[[ MATERIAL TO PROCESS, beginning ]]
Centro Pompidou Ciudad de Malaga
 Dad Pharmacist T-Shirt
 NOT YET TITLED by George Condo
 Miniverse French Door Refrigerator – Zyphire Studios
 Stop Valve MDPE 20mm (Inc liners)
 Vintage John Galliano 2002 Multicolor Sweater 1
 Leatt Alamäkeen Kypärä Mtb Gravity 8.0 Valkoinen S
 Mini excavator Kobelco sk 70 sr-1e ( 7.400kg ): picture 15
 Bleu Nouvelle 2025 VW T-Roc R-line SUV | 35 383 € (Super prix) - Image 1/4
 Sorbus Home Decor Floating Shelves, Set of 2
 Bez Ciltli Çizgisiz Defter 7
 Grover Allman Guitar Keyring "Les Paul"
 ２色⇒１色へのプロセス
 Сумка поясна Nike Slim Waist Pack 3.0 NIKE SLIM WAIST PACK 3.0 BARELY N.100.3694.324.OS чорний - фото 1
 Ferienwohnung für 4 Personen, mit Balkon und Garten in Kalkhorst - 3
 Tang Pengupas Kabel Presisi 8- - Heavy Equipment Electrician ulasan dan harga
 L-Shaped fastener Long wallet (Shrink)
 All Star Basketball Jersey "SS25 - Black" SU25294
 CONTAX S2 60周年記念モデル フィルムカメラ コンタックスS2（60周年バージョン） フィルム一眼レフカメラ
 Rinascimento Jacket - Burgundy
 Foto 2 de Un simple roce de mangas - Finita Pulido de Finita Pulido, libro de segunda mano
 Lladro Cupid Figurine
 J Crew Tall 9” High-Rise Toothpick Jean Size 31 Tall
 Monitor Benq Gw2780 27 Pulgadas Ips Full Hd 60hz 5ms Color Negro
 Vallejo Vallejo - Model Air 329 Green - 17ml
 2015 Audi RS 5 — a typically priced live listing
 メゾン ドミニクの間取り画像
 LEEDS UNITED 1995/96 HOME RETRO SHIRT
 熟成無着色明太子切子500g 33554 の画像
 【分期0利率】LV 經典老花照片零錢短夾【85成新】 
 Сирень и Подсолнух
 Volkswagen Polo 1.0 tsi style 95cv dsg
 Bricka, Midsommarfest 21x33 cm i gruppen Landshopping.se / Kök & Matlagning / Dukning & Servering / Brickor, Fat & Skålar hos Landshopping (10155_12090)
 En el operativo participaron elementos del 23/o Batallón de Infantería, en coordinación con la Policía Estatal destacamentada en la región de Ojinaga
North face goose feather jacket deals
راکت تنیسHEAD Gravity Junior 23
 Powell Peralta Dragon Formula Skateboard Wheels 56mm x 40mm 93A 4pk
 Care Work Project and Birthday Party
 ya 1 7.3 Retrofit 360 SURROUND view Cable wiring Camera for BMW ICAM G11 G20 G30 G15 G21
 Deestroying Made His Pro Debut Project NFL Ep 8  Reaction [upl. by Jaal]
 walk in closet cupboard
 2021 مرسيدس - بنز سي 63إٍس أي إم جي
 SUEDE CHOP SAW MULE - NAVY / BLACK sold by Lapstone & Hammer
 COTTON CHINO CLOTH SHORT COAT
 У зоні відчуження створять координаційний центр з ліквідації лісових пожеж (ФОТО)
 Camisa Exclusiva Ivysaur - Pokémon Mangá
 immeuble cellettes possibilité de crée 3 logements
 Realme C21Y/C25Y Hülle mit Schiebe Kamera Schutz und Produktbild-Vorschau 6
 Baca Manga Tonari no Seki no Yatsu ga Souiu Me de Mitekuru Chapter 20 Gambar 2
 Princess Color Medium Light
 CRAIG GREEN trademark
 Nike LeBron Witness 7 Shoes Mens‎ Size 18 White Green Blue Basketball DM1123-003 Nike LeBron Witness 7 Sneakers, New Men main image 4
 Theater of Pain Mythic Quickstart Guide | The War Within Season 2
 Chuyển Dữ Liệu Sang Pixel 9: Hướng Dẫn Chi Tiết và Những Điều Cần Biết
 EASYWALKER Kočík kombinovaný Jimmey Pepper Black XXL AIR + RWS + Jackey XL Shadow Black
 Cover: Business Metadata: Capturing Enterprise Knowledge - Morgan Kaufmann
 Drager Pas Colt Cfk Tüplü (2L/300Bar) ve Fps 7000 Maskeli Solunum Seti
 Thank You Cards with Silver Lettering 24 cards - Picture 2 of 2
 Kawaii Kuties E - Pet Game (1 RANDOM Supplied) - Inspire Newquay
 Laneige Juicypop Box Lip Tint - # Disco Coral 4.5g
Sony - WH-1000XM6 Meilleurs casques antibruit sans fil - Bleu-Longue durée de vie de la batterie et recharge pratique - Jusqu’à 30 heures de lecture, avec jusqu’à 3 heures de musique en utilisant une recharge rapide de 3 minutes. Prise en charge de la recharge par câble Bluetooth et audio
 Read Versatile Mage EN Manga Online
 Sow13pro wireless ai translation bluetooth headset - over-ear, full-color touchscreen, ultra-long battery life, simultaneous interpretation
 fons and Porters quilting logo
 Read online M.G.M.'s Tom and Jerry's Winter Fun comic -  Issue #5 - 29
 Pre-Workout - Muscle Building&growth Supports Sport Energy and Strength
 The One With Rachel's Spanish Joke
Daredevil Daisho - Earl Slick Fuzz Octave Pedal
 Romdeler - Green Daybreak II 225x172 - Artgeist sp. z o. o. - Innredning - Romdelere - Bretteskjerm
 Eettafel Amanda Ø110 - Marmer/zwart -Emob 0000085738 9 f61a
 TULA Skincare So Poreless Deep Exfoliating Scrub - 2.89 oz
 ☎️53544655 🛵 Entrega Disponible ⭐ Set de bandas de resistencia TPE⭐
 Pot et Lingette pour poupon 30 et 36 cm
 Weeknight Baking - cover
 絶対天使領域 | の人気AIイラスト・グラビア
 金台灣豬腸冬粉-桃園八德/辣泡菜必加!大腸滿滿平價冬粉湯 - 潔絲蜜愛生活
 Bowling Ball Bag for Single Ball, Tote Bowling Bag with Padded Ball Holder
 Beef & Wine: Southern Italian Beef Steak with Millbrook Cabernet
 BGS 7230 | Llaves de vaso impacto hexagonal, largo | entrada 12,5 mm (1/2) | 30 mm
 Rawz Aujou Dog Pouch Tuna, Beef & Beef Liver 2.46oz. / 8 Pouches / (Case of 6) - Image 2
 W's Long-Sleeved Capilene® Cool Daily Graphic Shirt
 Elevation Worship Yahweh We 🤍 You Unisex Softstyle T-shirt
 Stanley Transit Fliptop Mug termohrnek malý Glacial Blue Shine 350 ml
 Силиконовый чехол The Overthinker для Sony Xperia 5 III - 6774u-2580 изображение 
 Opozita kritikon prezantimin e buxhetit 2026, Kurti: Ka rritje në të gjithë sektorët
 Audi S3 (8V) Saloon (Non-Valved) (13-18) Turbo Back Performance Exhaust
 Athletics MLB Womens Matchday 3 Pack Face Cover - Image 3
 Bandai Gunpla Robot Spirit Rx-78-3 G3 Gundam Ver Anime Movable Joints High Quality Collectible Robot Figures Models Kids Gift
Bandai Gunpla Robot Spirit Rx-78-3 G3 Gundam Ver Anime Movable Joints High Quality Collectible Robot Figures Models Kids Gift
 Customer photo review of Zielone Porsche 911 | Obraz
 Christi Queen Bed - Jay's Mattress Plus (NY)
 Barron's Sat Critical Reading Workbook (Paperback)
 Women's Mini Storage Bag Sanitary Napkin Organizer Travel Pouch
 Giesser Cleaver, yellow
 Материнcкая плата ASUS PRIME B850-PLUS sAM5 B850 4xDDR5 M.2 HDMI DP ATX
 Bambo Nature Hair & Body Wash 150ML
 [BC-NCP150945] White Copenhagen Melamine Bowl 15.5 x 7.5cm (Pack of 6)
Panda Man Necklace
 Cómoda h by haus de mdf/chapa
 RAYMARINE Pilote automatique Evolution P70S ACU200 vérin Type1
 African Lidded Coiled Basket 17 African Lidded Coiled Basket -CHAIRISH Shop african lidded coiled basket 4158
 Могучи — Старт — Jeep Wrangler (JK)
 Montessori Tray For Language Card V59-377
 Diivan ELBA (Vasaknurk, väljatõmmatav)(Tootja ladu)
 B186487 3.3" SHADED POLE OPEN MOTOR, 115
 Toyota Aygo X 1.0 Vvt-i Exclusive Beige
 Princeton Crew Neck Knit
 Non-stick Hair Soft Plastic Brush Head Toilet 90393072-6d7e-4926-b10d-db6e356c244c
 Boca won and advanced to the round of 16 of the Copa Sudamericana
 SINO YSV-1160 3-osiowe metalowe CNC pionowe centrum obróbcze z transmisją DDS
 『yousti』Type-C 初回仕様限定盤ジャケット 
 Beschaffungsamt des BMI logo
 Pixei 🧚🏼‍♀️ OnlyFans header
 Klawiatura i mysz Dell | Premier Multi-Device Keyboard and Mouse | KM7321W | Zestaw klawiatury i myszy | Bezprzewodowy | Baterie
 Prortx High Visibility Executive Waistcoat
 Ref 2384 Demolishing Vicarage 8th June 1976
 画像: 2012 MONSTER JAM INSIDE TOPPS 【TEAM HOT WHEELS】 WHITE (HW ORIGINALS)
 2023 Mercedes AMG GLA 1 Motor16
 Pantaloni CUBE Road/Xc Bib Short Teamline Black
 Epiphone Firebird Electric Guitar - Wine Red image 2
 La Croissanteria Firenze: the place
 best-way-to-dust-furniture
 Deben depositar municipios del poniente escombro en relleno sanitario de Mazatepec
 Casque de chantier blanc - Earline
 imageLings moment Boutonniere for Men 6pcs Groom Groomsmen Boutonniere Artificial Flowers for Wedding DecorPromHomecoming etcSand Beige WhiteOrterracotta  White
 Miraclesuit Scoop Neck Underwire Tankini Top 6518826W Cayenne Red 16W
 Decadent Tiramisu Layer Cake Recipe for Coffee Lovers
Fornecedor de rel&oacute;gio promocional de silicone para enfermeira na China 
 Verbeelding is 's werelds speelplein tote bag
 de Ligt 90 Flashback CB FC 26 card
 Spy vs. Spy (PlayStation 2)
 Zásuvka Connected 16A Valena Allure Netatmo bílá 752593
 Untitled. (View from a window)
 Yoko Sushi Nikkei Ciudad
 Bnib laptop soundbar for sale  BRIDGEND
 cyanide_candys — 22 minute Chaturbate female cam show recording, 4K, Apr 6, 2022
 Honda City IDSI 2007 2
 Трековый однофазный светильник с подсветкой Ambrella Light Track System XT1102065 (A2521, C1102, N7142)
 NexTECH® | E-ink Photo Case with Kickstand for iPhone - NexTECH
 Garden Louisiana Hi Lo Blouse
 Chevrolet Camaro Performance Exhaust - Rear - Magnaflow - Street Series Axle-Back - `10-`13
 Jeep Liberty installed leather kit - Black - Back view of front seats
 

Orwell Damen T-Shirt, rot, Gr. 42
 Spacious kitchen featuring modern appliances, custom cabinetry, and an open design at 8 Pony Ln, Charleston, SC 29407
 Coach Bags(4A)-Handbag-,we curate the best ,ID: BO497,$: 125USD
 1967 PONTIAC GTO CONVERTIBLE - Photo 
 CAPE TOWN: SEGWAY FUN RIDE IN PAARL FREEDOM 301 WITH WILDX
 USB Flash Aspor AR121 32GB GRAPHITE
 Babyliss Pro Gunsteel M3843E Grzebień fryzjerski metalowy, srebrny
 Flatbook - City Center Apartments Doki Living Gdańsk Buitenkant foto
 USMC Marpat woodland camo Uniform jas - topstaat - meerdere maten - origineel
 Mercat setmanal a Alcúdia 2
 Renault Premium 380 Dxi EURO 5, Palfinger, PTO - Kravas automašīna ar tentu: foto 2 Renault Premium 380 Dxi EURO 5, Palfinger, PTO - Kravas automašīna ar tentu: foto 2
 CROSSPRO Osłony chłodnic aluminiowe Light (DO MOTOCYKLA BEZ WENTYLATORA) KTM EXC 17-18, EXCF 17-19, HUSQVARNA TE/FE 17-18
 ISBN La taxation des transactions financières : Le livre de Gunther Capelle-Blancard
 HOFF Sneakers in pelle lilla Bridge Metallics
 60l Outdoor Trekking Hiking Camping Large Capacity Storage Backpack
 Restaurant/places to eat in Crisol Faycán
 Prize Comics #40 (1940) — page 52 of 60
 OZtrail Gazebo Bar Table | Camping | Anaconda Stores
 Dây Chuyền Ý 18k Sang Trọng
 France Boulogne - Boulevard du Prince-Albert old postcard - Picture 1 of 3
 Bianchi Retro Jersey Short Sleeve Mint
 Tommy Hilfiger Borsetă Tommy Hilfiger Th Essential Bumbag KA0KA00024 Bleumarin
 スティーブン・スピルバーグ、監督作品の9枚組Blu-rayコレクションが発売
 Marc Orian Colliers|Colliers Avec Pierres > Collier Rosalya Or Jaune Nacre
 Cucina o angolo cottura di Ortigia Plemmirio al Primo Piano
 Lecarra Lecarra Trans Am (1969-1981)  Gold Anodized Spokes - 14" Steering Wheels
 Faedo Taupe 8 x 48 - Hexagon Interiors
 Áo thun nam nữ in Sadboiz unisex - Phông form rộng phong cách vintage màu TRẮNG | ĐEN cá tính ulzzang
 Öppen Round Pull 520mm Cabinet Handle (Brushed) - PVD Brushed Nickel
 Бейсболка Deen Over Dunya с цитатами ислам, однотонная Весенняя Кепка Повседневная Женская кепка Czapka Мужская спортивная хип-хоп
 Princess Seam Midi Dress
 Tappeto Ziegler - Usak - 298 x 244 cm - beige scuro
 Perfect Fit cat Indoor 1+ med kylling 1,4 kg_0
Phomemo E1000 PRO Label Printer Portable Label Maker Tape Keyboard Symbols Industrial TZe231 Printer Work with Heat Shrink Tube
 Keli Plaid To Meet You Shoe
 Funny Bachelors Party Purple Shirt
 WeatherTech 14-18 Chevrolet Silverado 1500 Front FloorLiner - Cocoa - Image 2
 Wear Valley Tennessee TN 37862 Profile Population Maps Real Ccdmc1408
[[ MATERIAL TO PROCESS, end ]]
> GOAL OF THE EXERCISE: Retype exactly the lines of the data above that fall between the line with "Mercat setmanal a Alcúdia 2" and the line with "HOFF Sneakers in", inclusive, and add nothing.

> TASK OUTPUT:
 Mercat setmanal a Alcúdia 2
 Renault Premium 380 Dxi EURO 5, Palfinger, PTO - Kravas automašīna ar tentu: foto 2 Renault Premium 380 Dxi EURO 5, Palfinger, PTO - Kravas automašīna ar tentu: foto 2
 CROSSPRO Osłony chłodnic aluminiowe Light (DO MOTOCYKLA BEZ WENTYLATORA) KTM EXC 17-18, EXCF 17-19, HUSQVARNA TE/FE 17-18
 ISBN La taxation des transactions financières : Le livre de Gunther Capelle-Blancard
 HOFF Sneakers in pelle lilla Bridge Metallics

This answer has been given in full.